There can be different solutions of the problem.
Probably, the patch doesn't implement the best one, but I hope the simple one.
IOW, it protects critical section (dequeuing of pending transport and
enqueuing it back to the pool) by per-service rw semaphore, taken for read.
On per-net transports shutdown, this semaphore have to be taken for write.

Note: add the PERCPU_RWSEM config option selected by SUNRPC.

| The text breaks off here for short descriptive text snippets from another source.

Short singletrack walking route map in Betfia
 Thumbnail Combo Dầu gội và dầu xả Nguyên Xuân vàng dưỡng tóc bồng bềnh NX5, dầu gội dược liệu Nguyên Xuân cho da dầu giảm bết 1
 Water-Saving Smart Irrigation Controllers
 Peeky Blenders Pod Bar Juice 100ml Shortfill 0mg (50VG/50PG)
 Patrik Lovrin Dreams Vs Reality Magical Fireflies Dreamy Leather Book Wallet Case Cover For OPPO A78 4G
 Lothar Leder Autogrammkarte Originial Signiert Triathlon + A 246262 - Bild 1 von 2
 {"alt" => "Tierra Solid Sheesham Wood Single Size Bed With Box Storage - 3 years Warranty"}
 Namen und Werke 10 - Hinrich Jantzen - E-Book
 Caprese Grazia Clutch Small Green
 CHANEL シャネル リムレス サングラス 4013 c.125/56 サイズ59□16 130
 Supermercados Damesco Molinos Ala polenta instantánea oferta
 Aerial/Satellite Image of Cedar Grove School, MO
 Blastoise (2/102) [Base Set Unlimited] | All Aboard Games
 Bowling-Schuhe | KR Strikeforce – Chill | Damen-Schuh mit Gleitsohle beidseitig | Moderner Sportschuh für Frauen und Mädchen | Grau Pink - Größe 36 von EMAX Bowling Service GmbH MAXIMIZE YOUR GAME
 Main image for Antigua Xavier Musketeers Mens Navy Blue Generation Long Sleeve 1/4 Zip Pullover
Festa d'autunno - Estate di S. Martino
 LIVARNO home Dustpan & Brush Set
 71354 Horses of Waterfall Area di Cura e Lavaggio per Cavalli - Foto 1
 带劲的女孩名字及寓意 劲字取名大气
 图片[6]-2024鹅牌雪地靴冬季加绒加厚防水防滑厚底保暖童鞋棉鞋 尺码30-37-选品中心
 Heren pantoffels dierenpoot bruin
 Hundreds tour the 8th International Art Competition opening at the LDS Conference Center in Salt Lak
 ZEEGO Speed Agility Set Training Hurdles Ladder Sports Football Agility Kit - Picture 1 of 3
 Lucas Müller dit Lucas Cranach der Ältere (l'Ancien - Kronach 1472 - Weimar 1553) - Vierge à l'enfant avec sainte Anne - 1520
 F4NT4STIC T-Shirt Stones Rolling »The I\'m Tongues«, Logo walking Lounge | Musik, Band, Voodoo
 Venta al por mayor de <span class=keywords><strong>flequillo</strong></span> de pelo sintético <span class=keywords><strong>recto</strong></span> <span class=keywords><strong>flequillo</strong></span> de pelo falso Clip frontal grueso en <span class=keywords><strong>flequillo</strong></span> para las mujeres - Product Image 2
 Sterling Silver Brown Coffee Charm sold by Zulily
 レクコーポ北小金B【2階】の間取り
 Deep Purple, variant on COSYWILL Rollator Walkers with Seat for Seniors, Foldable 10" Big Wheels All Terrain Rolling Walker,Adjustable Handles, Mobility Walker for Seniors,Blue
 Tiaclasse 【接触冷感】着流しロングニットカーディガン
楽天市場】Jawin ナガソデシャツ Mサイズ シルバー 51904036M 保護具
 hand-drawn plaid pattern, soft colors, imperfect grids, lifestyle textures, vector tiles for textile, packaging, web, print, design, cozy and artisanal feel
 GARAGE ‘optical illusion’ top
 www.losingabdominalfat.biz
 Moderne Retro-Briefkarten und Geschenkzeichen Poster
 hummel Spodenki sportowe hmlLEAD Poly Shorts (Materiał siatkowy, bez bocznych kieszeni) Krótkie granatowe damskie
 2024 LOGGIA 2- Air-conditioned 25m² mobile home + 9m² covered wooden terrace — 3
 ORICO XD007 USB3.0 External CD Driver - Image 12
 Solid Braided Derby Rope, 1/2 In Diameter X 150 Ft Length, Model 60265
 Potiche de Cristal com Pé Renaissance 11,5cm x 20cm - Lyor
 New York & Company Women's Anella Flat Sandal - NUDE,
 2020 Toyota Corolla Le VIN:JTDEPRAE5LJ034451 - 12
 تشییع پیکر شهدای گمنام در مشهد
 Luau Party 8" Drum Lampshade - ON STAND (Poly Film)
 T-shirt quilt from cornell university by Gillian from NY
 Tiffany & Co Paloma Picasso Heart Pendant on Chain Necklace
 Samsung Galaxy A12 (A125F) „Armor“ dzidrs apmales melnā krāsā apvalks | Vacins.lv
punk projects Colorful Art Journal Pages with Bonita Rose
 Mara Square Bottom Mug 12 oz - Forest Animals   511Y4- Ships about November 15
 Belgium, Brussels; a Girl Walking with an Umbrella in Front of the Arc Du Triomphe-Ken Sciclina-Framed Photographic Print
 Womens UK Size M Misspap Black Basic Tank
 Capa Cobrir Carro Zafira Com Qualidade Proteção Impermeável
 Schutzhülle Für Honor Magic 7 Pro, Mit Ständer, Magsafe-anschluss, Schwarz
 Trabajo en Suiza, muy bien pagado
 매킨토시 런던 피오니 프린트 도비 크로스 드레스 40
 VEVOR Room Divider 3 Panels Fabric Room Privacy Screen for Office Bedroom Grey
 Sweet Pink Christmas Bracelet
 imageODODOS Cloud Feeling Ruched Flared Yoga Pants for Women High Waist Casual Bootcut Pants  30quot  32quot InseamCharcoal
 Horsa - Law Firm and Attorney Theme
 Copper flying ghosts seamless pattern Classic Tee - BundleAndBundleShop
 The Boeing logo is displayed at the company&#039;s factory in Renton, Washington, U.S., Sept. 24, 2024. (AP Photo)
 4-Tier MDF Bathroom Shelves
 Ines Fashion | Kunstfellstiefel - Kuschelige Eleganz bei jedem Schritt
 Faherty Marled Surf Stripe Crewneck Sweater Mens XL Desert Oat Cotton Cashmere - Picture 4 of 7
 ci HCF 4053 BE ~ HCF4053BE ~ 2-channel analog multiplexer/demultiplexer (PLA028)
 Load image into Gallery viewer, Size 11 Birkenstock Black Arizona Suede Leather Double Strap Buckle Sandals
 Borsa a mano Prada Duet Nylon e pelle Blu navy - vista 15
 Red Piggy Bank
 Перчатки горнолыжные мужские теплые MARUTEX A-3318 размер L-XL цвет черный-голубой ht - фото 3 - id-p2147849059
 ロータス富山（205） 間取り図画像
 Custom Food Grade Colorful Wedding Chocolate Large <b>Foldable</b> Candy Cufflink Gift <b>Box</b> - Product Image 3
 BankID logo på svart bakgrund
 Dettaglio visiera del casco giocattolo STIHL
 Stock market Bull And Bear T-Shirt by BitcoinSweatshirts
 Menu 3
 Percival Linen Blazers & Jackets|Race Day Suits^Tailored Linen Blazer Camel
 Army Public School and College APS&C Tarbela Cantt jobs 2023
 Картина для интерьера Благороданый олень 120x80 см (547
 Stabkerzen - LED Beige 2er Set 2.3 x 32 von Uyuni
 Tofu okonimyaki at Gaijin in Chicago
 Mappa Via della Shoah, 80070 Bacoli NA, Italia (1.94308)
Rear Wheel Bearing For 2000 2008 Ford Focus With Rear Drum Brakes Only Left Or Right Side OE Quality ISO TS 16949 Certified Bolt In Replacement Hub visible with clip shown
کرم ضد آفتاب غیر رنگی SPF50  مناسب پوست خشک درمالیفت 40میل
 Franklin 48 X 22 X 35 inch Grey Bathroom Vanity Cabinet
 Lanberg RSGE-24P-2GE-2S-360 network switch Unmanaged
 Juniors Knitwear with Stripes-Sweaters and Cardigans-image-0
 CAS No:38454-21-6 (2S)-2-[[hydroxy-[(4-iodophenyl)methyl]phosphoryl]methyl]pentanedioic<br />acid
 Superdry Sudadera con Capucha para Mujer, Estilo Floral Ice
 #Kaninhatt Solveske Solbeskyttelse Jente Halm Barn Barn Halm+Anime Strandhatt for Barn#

Signed-off-by: Stanislav Kinsbursky <skinsbur...@parallels.com>
---
 include/linux/sunrpc/svc.h |    2 ++
 net/sunrpc/Kconfig         |    1 +
 net/sunrpc/svc.c           |    2 ++
 net/sunrpc/svc_xprt.c      |   33 +++++++++++++++++++++++++++------
 4 files changed, 32 insertions(+), 6 deletions(-)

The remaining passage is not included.